**THE INPUT**
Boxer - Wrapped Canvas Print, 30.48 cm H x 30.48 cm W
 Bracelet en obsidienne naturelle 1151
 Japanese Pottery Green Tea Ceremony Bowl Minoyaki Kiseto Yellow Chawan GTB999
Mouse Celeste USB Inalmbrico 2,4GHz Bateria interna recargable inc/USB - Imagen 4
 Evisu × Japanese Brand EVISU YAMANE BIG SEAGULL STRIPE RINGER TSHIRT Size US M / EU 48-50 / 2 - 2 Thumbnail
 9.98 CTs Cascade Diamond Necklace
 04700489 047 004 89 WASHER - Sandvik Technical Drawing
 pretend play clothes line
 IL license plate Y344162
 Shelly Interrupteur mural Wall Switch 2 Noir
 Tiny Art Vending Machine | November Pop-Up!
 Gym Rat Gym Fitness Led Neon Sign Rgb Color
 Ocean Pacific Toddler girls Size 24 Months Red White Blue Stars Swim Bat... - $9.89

**TASK**
Retype the records in full. Keep every line identical to the original.

**SOLVED EXERCISE**
Boxer - Wrapped Canvas Print, 30.48 cm H x 30.48 cm W
 Bracelet en obsidienne naturelle 1151
 Japanese Pottery Green Tea Ceremony Bowl Minoyaki Kiseto Yellow Chawan GTB999
Mouse Celeste USB Inalmbrico 2,4GHz Bateria interna recargable inc/USB - Imagen 4
 Evisu × Japanese Brand EVISU YAMANE BIG SEAGULL STRIPE RINGER TSHIRT Size US M / EU 48-50 / 2 - 2 Thumbnail
 9.98 CTs Cascade Diamond Necklace
 04700489 047 004 89 WASHER - Sandvik Technical Drawing
 pretend play clothes line
 IL license plate Y344162
 Shelly Interrupteur mural Wall Switch 2 Noir
 Tiny Art Vending Machine | November Pop-Up!
 Gym Rat Gym Fitness Led Neon Sign Rgb Color
 Ocean Pacific Toddler girls Size 24 Months Red White Blue Stars Swim Bat... - $9.89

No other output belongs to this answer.